Siamo, appunto, in Irlanda, nella fittizia cittadina Kilkinure. È il 2015 e il nome della donna è Lorna Brady. È sonnambula e ha un problema di gestione della rabbia. Distrugge abiti altrui, ogni tanto dà fuoco a qualcosa. Viene trattata come la matta del villaggio, ma il suo disagio viene da un trauma gigantesco. Da piccola, negli anni '80, è stata allontanata dalla famiglia. La sua colpa? Aver disonorato tutti facendosi mettere incinta fuori dal matrimoio.

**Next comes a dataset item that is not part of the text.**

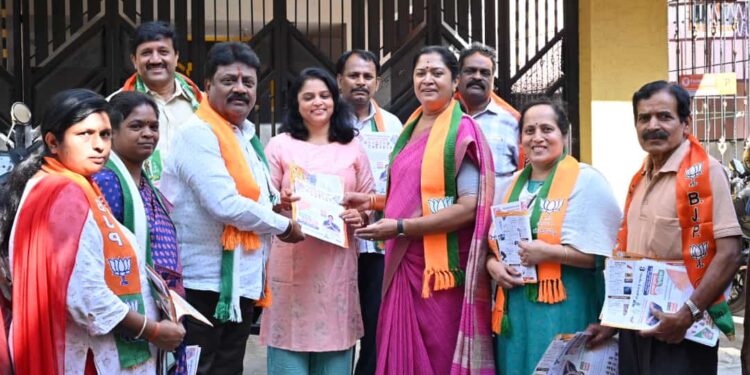 ಶೋಭಾ ಕರಂದ್ಲಾಜೆ ಪರವಾಗಿ ಮಾಜಿ ಉಪಮೇಯರ್ ಶ್ರೀಮತಿ ಹೇಮಲತಾ ಗೋಪಾಲಯ್ಯನವರು ಮತಯಾಚನೆ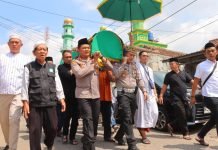 Antarkan ke Peristirahatan Terakhirnya, Kapolresta Bandar Lampung Ikut Usung Keranda Jenazah Tokoh NU Lampung KH. M. Arief Mahya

Da quel momento la vita di Lorna è diventata un film dell'orrore: chiusa in una delle "Case Magdalene", ha fatto la lavandaia, seviziata da suore che fanno molto più paura di quella della saga The Nun. E soprattutto non ha mai potuto crescere sua figlia. Nonostante le abbiano detto che è morta nel 1986, Lorna non si dà pace: è convinta che le abbiano sempre mentito. Tutti pensano che deliri, ma quando trova una donna morta in casa sua, capisce che qualcosa è davvero successo. Dopo aver nascosto il cadavere nel muro, inizia la sua indagine disperata.
La realtà è il vero orrore
The Woman in the Wall sembra agganciarsi alle atmosfere magiche e misteriose con cui spesso viene ritratta l'Irlanda, per poi dipanare a poco a poco davanti ai nostri occhi una storia che di paranormale ha molto poco, purtroppo. Come fatto anche da Martin McDonagh in Gli spiriti dell'isola (e, guarda caso, Lorna viene definita una "banshee", proprio come il titolo originale del film, The Banshees of Inisherin), quest'aura sovrannaturale racconta in realtà drammi concreti del popolo irlandese.
Come fatto da Peter Mullan in Magdalene, Leone d'oro a Venezia nel 2002, e poi da Stephen Frears in Philomena (2013), anche la serie di Joe Murtagh parla delle Case Magdalene, istituti femminili dove venivano rinchiuse donne considerate immorali, perché rimaste incinte fuori dal matrimonio, o perché troppo appariscenti o disobbedienti. In funzione da fine '700, l'ultima struttura è stata chiusa solo nel 1996. In 150 anni la vita di almeno 30mila donne è stata distrutta.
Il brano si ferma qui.